Uber Will Not Kill Car Ownership
The buzz surrounding self-driving cars has reached a fever pitch with news this week of federal regulations to ensure passenger safety. This alternate automotive landscape is fast approaching, but what does the future of car ownership really look like?
This post was originally published on Fortune in August:
By the end of the month, your Uber journey could take place in a fully autonomous Volvo XC90 if you live in Pittsburgh thanks to a $300 million partnership that the automaker and ridesharing company recently announced. This will be the first interaction between consumers and true self-driving technology, and it is a big deal. Uber is rapidly working towards this future — a world in which Uber CEO Travis Kalanick says consumers will all be carpooling and ownership will be on life support.
While ride-shares will certainly play a part in the future, car ownership isn’t going anywhere. That’s because the same trends that will make car sharing more affordable will also make ownership significantly more affordable and even profitable.
Ride-sharing is not killing car ownership, but complementing it. Cars are getting smarter and more connected, costs to own are expected to fall and new models of ownership will emerge.
Much like the CEOs of Uber and Lyft have an interest in promoting an end to individual ownership, as CEO of Beepi, an online marketplace to buy and sell cars, I believe in the future of ownership. But the trends speak for themselves.

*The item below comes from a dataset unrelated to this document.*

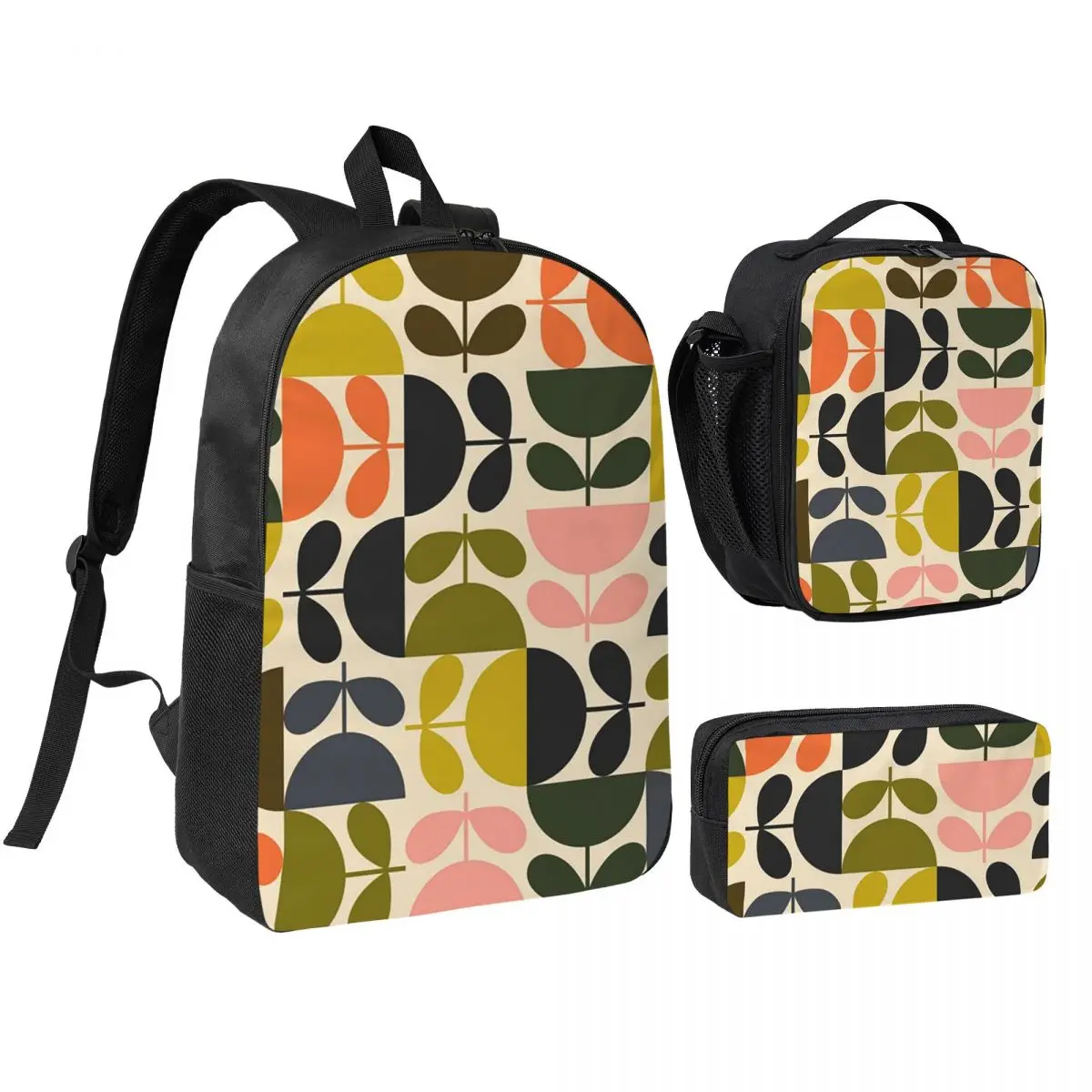 

Flower Stem Orla Kiely Pattern Backpack Boys Girls BookBag School Bag Shoulder Bags 3ps Insulated Lunch Bag Pencil Case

Several factors could bring down the cost of ownership — among them, the rise of electric cars, lower energy costs and developments in autonomous technology. According to the consulting firm IHS, nearly 76 million autonomous vehicles will be sold globally between now and 2035. And a Goldman Sachsreport shows that with increasing reliance on software and electronics, these vehicles will consist of fewer parts, going from 30,000 to 11,000 components, leading manufacturing costs to go down.